Mrs. Aquino vs. landowners

LAND reform is the sine qua non of Philippine reform movements and resistance movements. No wonder that President Corazon Aquino, like a number of her predecessors since the 1950s, is seeking to satisfy broadly based public pressures for land redistribution by introducing her own national program. The Aquino compromise plan - announced last week in the form of a presidential decree - deserves a fair hearing by the Philippine Congress. Lawmakers are to take up the issue this week.

The challenge facing Mrs. Aquino and the Congress - which must enact the actual redistribution legislation - is that most Filipinos are impoverished and live in rural areas. Cultivated land is either in the hands of groups of politically connected landlord families or of large corporations. Since the beginning of this century there have been more than a dozen land reform plans, including a fairly extensive 1972 program under Ferdinand Marcos. All eventually failed after determined opposition from landlords.

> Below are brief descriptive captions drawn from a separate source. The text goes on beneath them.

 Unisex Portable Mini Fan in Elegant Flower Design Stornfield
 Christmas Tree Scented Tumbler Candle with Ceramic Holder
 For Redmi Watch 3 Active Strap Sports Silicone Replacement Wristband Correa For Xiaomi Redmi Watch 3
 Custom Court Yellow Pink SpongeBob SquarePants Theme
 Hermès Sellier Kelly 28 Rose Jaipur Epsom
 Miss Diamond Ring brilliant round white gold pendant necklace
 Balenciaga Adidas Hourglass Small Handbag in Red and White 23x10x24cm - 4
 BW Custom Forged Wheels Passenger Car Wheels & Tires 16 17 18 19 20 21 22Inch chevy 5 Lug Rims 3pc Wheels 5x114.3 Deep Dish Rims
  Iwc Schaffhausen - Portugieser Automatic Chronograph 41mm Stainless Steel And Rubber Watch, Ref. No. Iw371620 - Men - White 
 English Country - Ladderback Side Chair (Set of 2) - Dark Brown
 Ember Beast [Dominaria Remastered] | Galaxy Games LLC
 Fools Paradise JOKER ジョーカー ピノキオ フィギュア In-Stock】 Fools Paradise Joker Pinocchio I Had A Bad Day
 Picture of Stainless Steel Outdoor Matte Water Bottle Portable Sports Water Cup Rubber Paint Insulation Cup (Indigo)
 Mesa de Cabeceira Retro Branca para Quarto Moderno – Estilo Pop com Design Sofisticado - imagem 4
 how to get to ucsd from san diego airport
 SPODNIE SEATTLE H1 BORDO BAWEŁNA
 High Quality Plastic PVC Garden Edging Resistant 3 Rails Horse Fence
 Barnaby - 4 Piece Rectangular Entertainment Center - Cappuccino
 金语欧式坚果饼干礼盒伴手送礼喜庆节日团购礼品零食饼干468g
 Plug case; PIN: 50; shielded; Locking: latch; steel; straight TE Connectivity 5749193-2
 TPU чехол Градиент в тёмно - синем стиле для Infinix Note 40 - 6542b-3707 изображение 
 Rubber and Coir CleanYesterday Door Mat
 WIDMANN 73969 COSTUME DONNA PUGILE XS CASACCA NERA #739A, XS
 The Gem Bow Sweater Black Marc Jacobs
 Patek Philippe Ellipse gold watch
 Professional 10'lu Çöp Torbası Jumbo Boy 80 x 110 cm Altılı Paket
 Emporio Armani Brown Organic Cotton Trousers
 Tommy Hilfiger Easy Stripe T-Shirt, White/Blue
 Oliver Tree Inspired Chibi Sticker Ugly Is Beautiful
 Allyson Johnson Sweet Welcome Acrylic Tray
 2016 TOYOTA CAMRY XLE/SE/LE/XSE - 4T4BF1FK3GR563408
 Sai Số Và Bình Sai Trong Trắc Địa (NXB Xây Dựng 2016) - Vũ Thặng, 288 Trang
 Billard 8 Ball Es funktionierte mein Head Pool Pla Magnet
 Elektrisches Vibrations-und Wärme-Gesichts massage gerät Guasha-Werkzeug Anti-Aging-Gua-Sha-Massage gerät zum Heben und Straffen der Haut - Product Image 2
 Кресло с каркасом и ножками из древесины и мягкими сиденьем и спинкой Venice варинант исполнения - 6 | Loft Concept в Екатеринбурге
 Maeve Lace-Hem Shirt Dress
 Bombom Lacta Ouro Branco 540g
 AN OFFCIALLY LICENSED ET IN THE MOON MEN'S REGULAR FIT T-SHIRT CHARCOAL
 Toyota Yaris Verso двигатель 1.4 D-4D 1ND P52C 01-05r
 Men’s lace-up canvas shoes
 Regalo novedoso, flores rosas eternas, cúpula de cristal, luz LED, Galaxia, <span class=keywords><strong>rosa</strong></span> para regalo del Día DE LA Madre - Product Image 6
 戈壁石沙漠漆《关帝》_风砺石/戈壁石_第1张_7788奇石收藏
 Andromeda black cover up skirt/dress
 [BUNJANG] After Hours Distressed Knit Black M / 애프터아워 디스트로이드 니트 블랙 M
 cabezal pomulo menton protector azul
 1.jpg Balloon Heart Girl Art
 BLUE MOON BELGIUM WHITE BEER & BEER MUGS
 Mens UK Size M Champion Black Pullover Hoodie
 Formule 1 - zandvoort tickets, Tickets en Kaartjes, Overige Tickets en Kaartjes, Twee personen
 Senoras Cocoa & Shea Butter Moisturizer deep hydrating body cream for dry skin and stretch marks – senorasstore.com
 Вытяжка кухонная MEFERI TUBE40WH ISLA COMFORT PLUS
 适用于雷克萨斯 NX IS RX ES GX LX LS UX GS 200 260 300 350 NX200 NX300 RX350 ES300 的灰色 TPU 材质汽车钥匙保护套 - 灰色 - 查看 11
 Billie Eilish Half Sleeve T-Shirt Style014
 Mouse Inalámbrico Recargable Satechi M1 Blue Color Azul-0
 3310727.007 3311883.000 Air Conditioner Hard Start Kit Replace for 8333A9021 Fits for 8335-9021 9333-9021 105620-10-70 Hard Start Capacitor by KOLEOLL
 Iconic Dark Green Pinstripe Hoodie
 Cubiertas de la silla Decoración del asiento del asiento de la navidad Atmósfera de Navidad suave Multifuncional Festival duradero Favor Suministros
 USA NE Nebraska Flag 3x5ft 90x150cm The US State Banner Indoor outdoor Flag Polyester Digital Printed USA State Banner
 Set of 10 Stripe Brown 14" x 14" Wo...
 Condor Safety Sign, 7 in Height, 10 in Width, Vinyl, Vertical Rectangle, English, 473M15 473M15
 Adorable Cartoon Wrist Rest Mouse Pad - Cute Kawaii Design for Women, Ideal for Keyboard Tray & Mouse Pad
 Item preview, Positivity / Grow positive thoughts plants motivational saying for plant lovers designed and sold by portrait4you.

Not surprisingly, Aquino's program has come under sharp attack. Landlords call it confiscatory. Leftists say it doesn't go far enough. Yet Aquino's plan would include more than 3 million acres of cultivated sugar and coconut plantation lands left out of the 1972 Marcos program. All landowners would be ultimately compensated under the Aquino plan.

The Philippine Congress will want to examine the effect of redistribution on agricultural productivity. Still, the social gains from some form of redistribution are obvious. Communist insurgents have made the issue their rallying cry. Ordinary Filipinos need to perceive that they have a stake in their society. Land reform is an initiative in the right direction.